++++ DATASET ENTRIES ++++

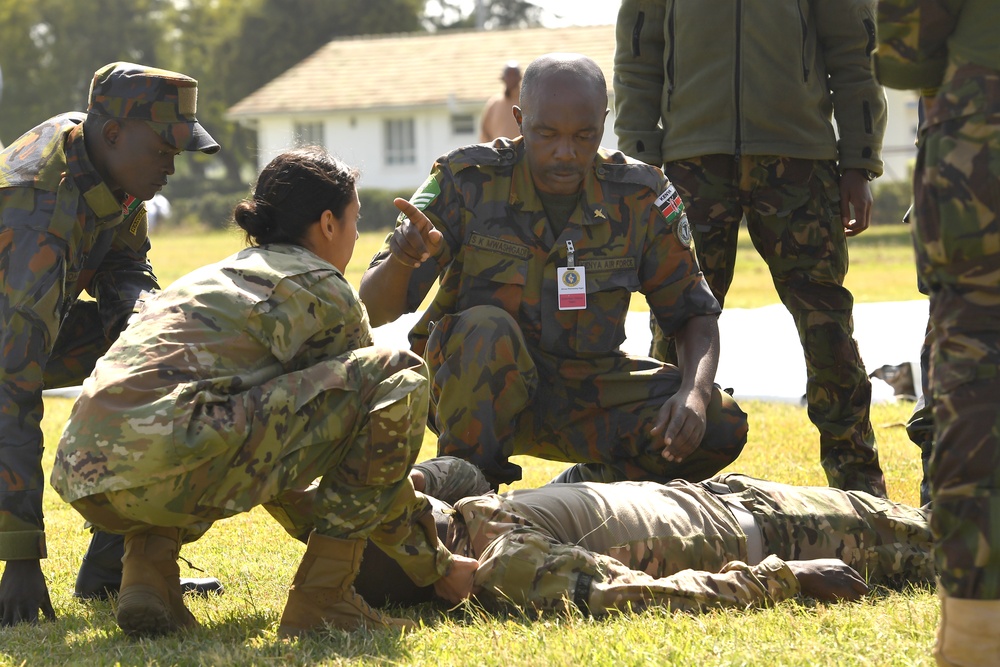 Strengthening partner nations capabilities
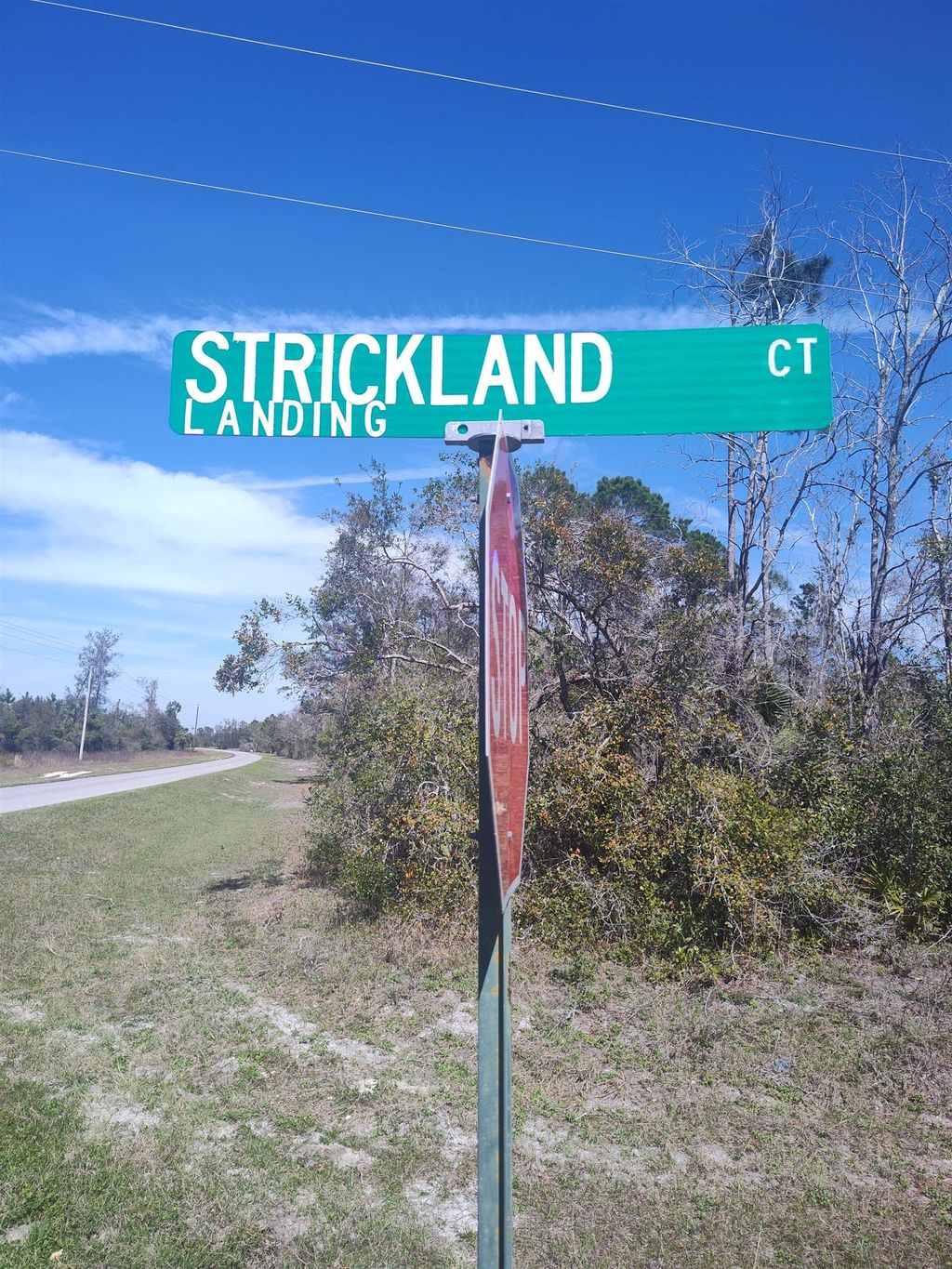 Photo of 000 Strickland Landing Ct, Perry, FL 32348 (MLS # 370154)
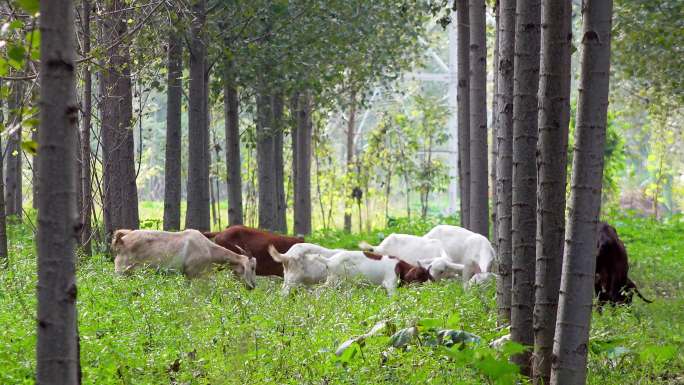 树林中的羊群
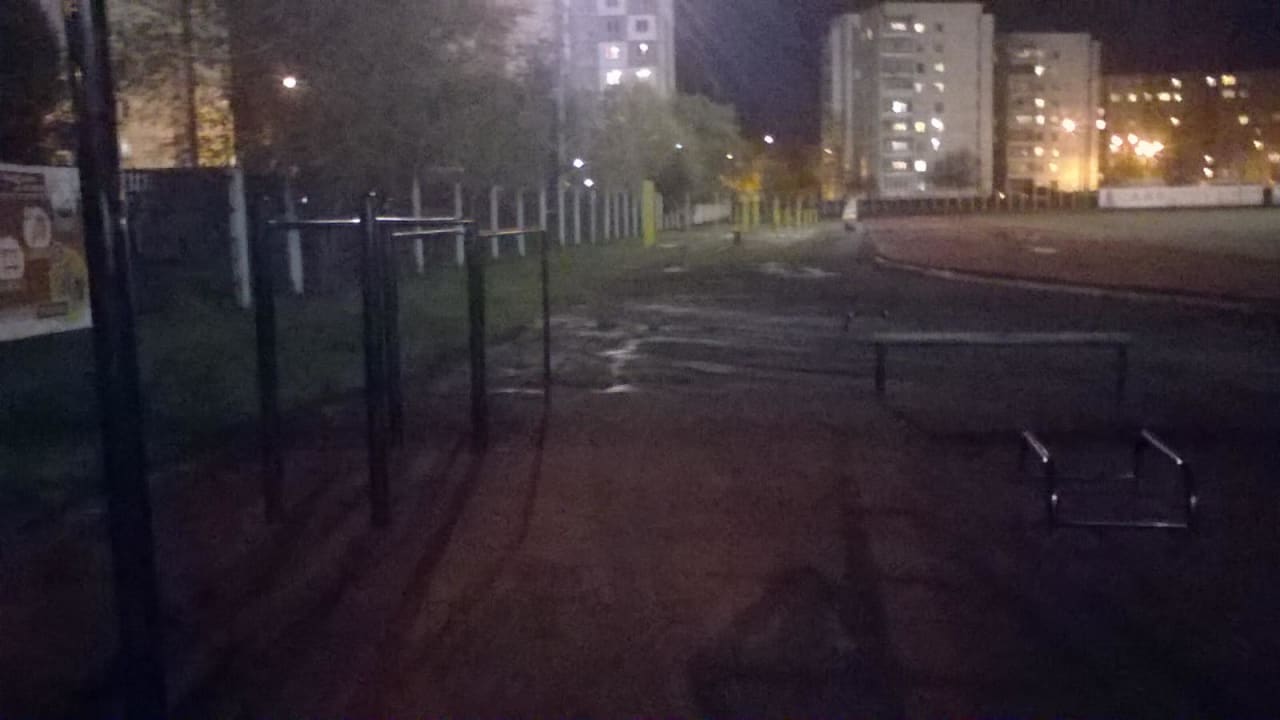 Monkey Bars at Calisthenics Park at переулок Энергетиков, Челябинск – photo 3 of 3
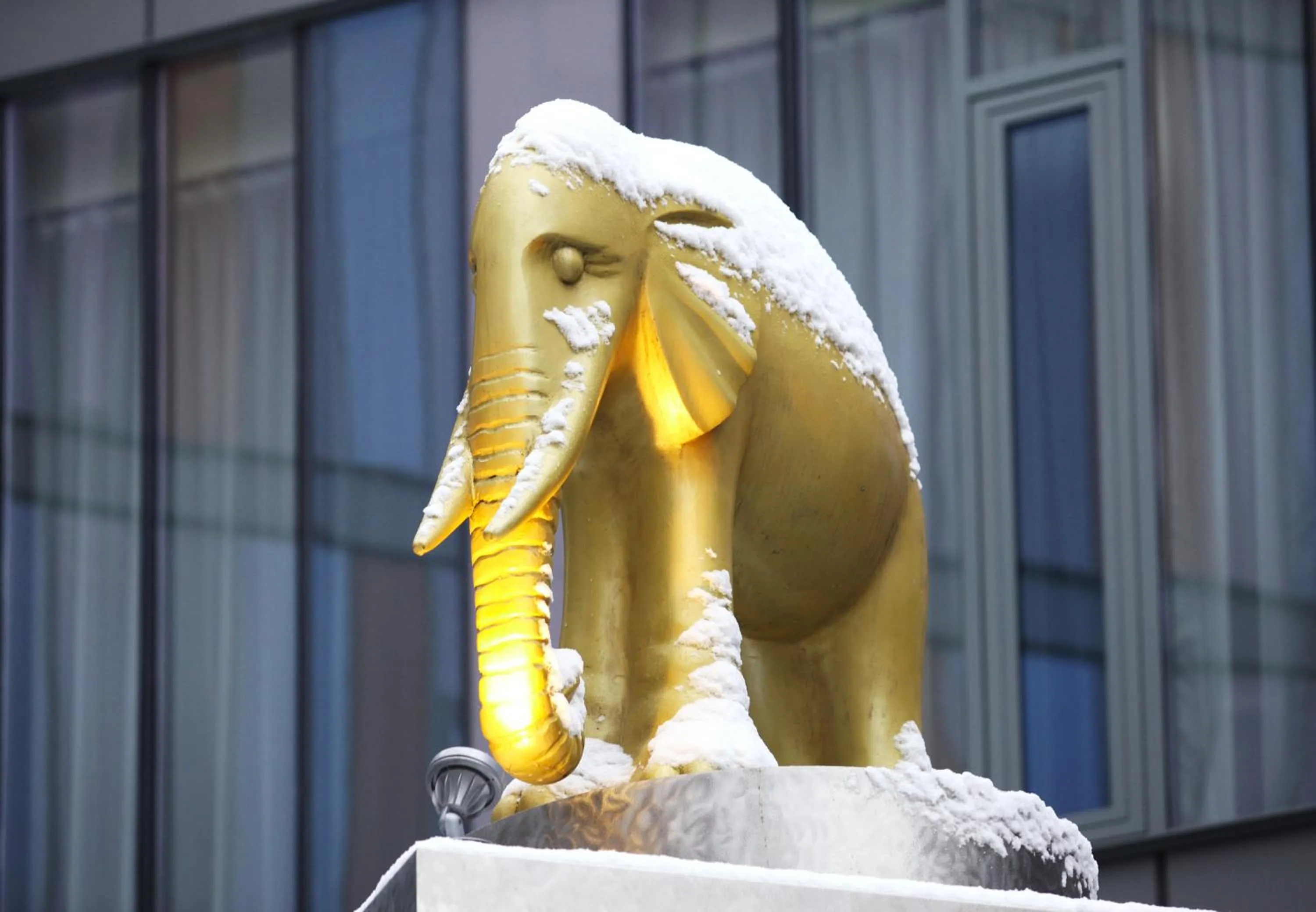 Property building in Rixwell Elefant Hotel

++++
++++ DATASET ENTRIES ++++

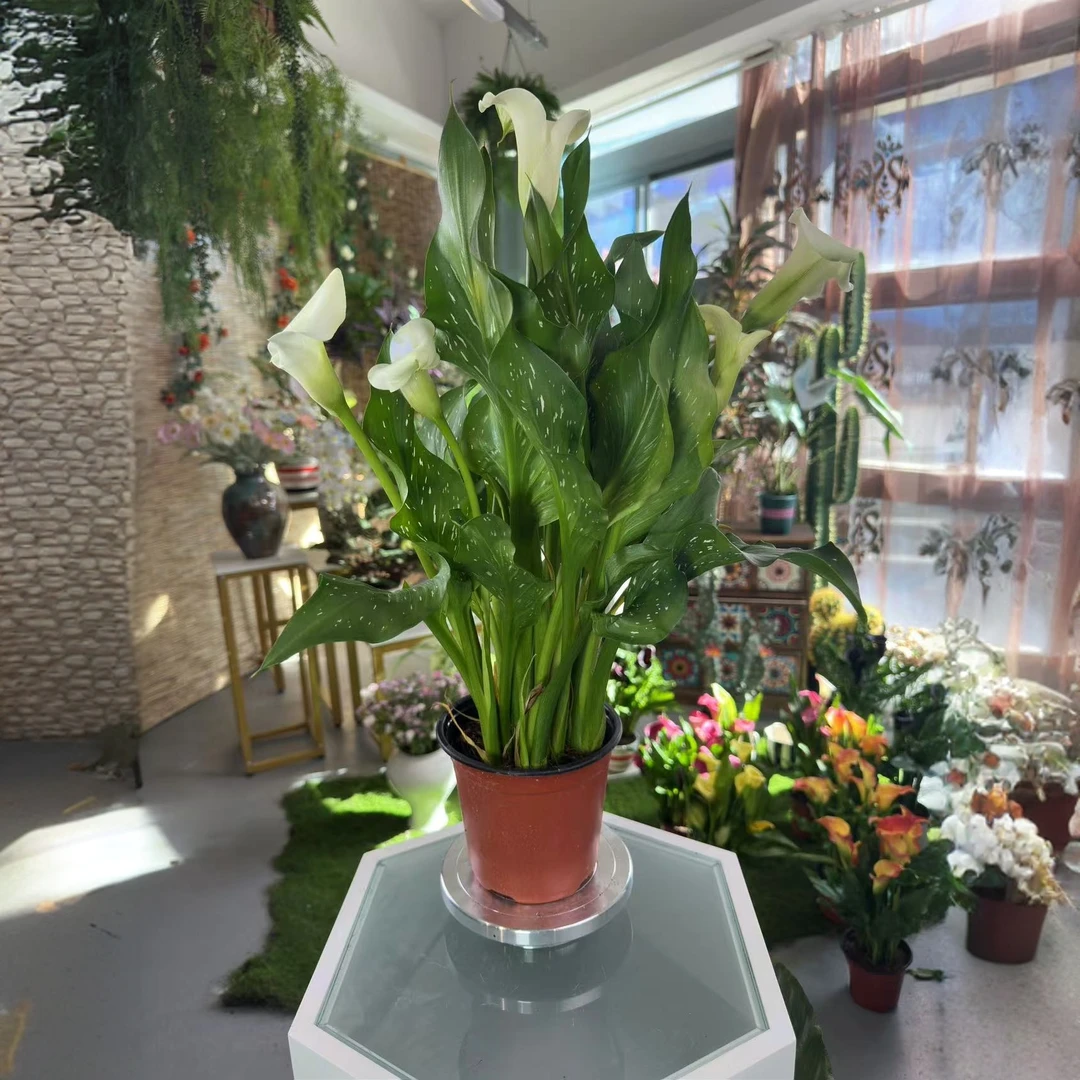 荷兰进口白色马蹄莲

++++

■ WHAT TO DO: Each line above starting at the one holding "Strengthening partner nations capabilities" and ending at the one holding "Property building in Rixwell Elefant Hotel" should be set down exactly as it stands, both ends included, with no pictures.

■ OUTPUT OF THE EXERCISE:
 Strengthening partner nations capabilities
 Photo of 000 Strickland Landing Ct, Perry, FL 32348 (MLS # 370154)
 树林中的羊群
 Monkey Bars at Calisthenics Park at переулок Энергетиков, Челябинск – photo 3 of 3
 Property building in Rixwell Elefant Hotel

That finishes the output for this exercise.